■ AIM OF THE TASK: Please return only the lines from the one showing "La fuerza cortante en la columna SD" to the end of the entries, keeping both ends and dropping every picture.

■ TASK MATERIAL:
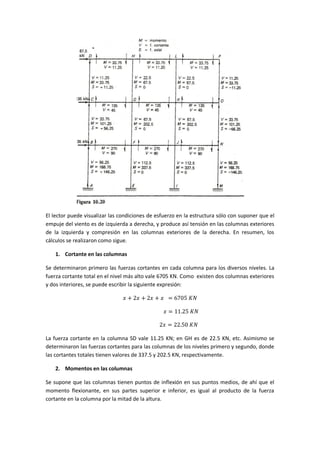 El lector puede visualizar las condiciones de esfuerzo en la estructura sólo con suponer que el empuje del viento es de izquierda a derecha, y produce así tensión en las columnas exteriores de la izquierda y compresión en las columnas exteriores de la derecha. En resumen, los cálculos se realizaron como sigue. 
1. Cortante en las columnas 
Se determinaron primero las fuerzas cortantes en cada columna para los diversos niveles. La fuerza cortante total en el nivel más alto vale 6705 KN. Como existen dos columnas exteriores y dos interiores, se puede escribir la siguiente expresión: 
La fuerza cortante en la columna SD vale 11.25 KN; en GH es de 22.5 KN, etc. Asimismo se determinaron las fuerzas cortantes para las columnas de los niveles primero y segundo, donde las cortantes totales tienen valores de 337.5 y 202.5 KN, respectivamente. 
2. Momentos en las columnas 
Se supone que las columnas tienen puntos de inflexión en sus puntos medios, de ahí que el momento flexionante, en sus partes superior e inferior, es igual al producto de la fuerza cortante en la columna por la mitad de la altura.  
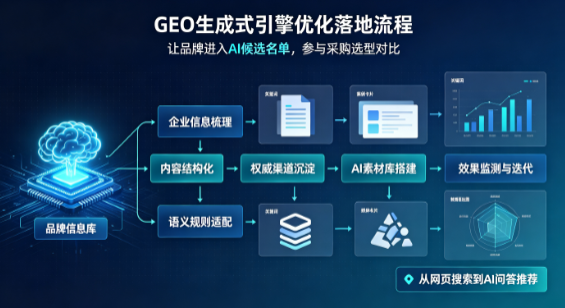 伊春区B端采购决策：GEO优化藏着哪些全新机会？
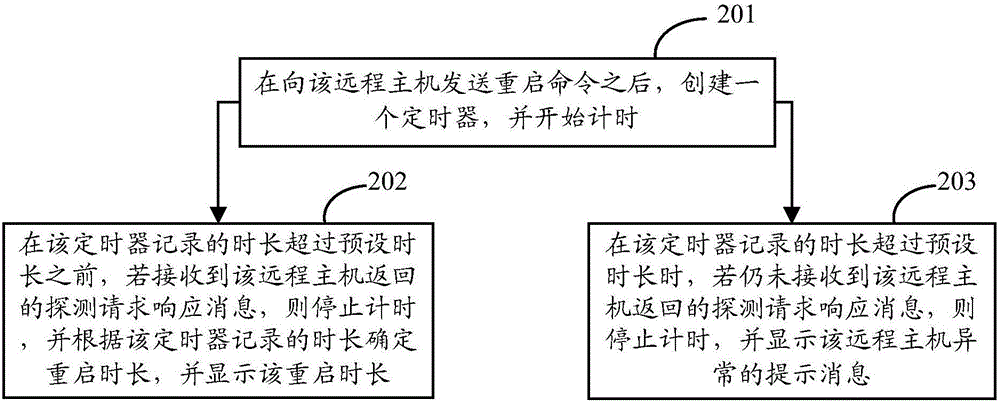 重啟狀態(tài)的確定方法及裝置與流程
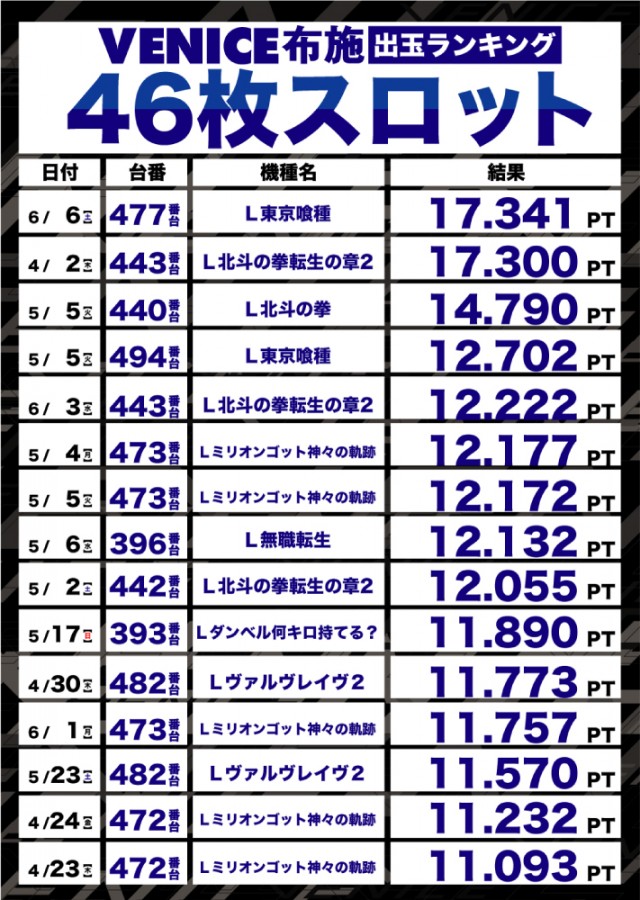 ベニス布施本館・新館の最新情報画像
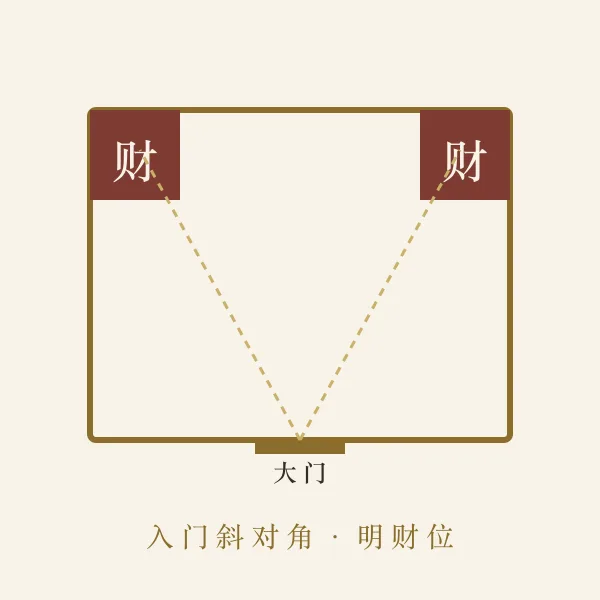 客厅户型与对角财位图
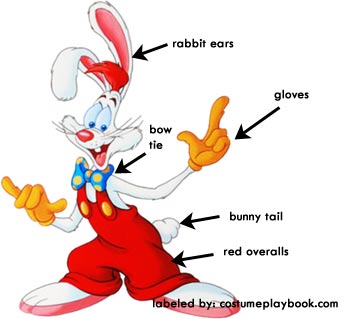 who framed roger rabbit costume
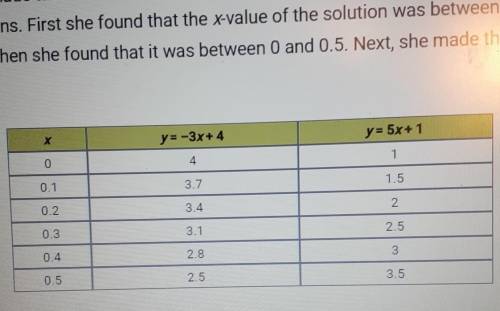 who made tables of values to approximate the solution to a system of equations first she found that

■ COMPLETED TASK:
La fuerza cortante en la columna SD vale 11.25 KN; en GH es de 22.5 KN, etc. Asimismo se determinaron las fuerzas cortantes para las columnas de los niveles primero y segundo, donde las cortantes totales tienen valores de 337.5 y 202.5 KN, respectivamente. 
2. Momentos en las columnas 
Se supone que las columnas tienen puntos de inflexión en sus puntos medios, de ahí que el momento flexionante, en sus partes superior e inferior, es igual al producto de la fuerza cortante en la columna por la mitad de la altura.  
 伊春区B端采购决策：GEO优化藏着哪些全新机会？
 重啟狀態(tài)的確定方法及裝置與流程
 ベニス布施本館・新館の最新情報画像
 客厅户型与对角财位图
 who framed roger rabbit costume
 who made tables of values to approximate the solution to a system of equations first she found that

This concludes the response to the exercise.